Les journalistes et leurs sources commencent aussitôt à échanger des SMS. « C'est un début terrible », répond au Point Aaron Kall, directeur des débats à l'université du Michigan. « Biden est horrible », abonde à chaud l'ancien porte-parole du Comité national républicain, Doug Heye.
Trump discipliné
En face, Donald Trump récite avec assurance ses discours de meeting MAGA par petites tirades claires de 60 ou 90 secondes : « L'inflation tue notre pays, elle était presque à zéro quand j'étais président, on avait la plus grande économie du monde », « La frontière est ouverte, des tueurs viennent dans notre pays et violent et tuent des femmes ». Il mélange les raccourcis et les inexactitudes, mais ça va trop vite pour que les modérateurs tentent de le fact-checker en temps réel.

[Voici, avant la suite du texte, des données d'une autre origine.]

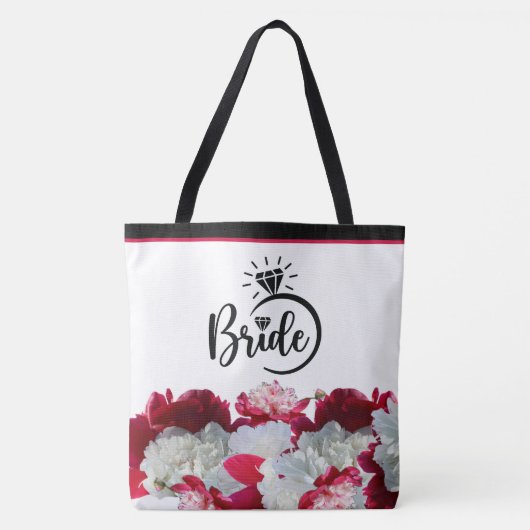 Bride Floral Peonies multi Print Tote Bag (Voorkant)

Même sur l'avortement, qui est son point faible, Trump arrondit les angles. Il se dit favorable aux exceptions « en cas de viol et d'inceste ou de danger pour la vie de la mère », et assure qu'il ne bloquera pas la pilule abortive. Joe Biden l'attaque : « C'est terrible ce que vous avez fait », en parlant des juges que le républicain a nommés à la Cour suprême, et qui sont revenus sur l'arrêt Roe v. Wade, mettant fin à la légalité fédérale de l'avortement. Donald Trump ne se démonte pas. « On a renvoyé la décision à chaque État, c'est le vote du peuple. »

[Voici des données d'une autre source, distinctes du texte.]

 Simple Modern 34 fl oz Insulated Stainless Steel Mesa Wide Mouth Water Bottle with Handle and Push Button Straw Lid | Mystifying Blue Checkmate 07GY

La baguette magique de Trump sur l'Ukraine et Gaza
Si on espérait des précisions sur la politique de Donald Trump pour l'Ukraine et le Proche-Orient, c'est raté. Le républicain agite sa baguette magique, assurant que la guerre en Ukraine « n'aurait jamais commencé » s'il avait été à la Maison Blanche car « Poutine n'aurait jamais osé attaquer ». Il l'assure sans fournir aucun détail : « Je mettrai fin à cette guerre avant même de prendre mes fonctions ». Idem au Proche-Orient. Selon Donald Trump, le Hamas n'aurait « jamais attaqué Israël » car « l'Iran était fauché et ne pouvait pas (financer le terrorisme) ». Il accuse Biden de ne pas assez soutenir Israël, ironisant : « Il est devenu comme un Palestinien. »

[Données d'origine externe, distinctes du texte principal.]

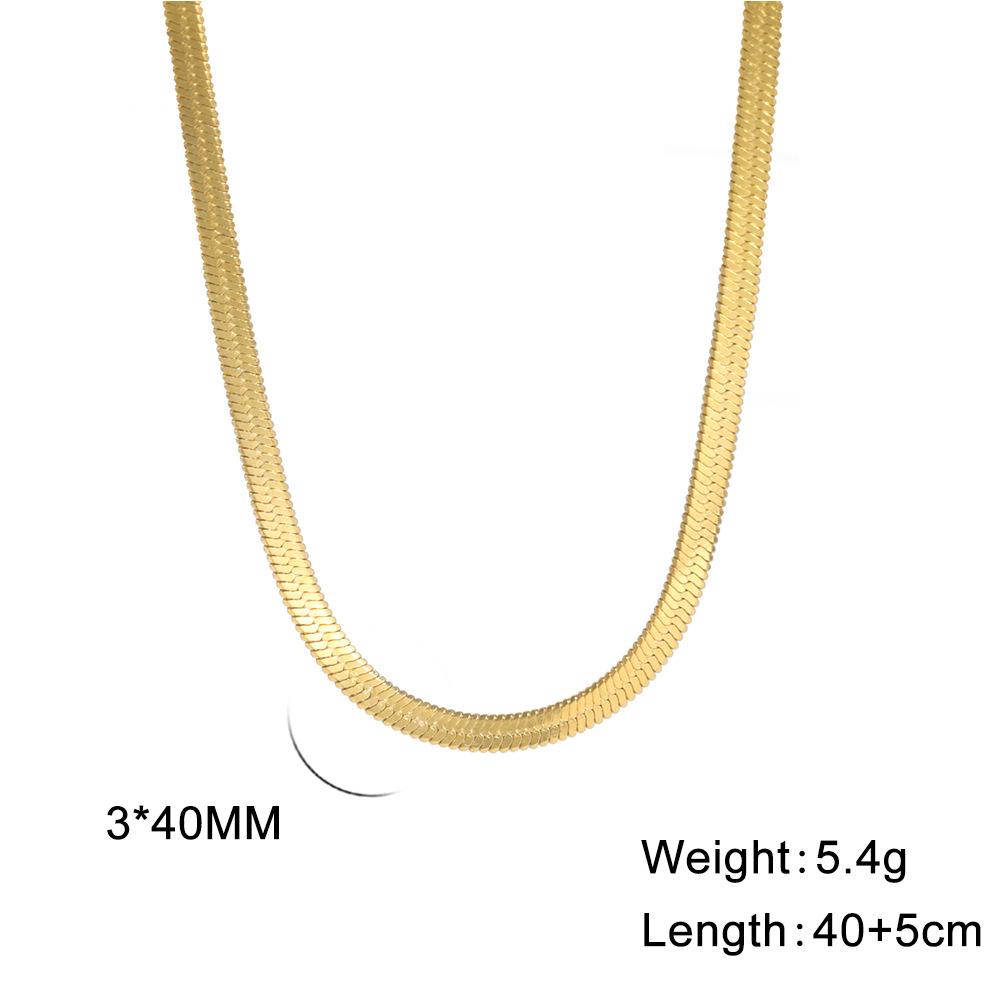Simple Snake Chain Gold Necklace Unisex Fashion Jewelry Popular Collarbone Chain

Joe Biden semble enfin trouver son rythme mais la fin du débat tourne à la cacophonie. Les deux candidats s'accusent d'être « le pire président » de l'histoire. Biden qualifie Trump, condamné au pénal, de « criminel ». « Combien de milliards tu dois pour avoir agressé sexuellement une femme (la chroniqueuse E. Jean Carroll) ? Pour avoir eu des relations sexuelles avec une star du porno pendant que ta femme était enceinte ? » « Je n'ai pas eu de relations sexuelles avec une star du porno », répond Trump, qui dénonce « l'instrumentalisation de la justice ». Il réplique que le fils de Joe Biden, Hunter, a également été reconnu coupable au pénal. Personne ne sort grandi de ce combat dans la boue.
Les démocrates en panique
Le débat terminé, les analyses tombent. Et la panique s'installe chez les démocrates. « Il y a un sentiment, un choc sur le début (de Biden), sa voix, il avait l'air désorienté. Vous allez entendre des discussions pour savoir s'il doit continuer », lâche sur CNN David Axelrod, le stratège de la campagne d'Obama. « Ça m'a fait mal, j'ai de la peine », ajoute l'analyste et ancien conseiller d'Obama, Van Jones. « Je souhaite que Biden réfléchisse à sa performance lors de ce débat, puis annonce sa décision de se retirer de la course, laissant le choix du candidat démocrate à la convention », écrit l'éditorialiste du New York Times Nicholas Kristof. Techniquement, il est possible de remplacer Joe Biden lors d'une convention démocrate ouverte, encore faut-il qu'il décide de passer la main.
Kamala Harris a tenté une opération de damage-control, reconnaissant « un début laborieux » mais assurant que Joe Biden a « fini en force ». Selon les médias américains, le président américain souffrait d'un rhume. Cela n'explique pas tout. « Je ne vois pas comment il s'en remet », conclut Doug Heye.